Environment

Irony is Dead

Written by SK Ashby

It would be understandable if you mistook this as a story from The Onion.

The Associated Press reports that big oil companies and refineries on the Texas gulf coast are joining together with a group of state, local, and congressional Republicans to lobby for billions in federal appropriations to pay for a coastal system of levees and barriers intended to protect them from climate change.

Some of the refineries they're asking taxpayers to protect aren't even owned by Americans.

From the Associated Press:

Like other oceanfront projects, this one would protect homes, delicate ecosystems and vital infrastructure, but it also has another priority — to shield some of the crown jewels of the petroleum industry, which is blamed for contributing to global warming and now wants the federal government to build safeguards against the consequences of it.

Texas is seeking at least $12 billion for the full coastal spine, with nearly all of it coming from public funds. Last month, the government fast-tracked an initial $3.9 billion for three separate, smaller storm barrier projects that would specifically protect oil facilities. [...]

Normally outspoken critics of federal spending, Texas Sens. John Cornyn and Ted Cruz both backed using taxpayer funds to fortify the oil facilities' protections and the Texas coast. Cruz called it "a tremendous step forward." [...]

Construction in Texas could begin in several months on the three sections of storm barrier. While plans are still being finalized, some dirt levees will be raised to about 17 feet high, and 6 miles of 19-foot-tall floodwalls would be built or strengthened around Port Arthur, a Texas-Louisiana border locale of pungent chemical smells and towering knots of steel pipes.
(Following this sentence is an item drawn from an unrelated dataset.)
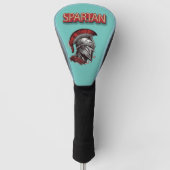 Warrior's Pride - Spartaanse helm met rode pluim Golfheadcover (Voorkant)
The town of 55,000 includes the Saudi-controlled Motiva oil refinery, the nation's largest, as well as refineries owned by oil giants Valero Energy Corp. and Total S.A. There are also almost a dozen petrochemical facilities.

I'm not necessarily going to say we shouldn't build barriers to protect the coast from sea level rise and storm surge, but where's the protection for communities that aren't shadowed by oil refineries? Who is lobbying for them?

Furthermore, what are we doing about climate change?

Oil companies and Republicans obviously recognize the threat climate change poses to their own bottom lines, and they're willing to ask taxpayers to protect their bottom lines, but they aren't willing to admit that it's real or take steps to stop it.

It was Texas that led the legal fight against the Obama administration's Clean Power Plan which represented a solid step toward reducing green house gas emissions and slowing climate change.

We can spend billions on futile attempts to stop the ocean, but it won't change the fact that future generations will justifiably curse the Ted Cruzs of our era if not all of us.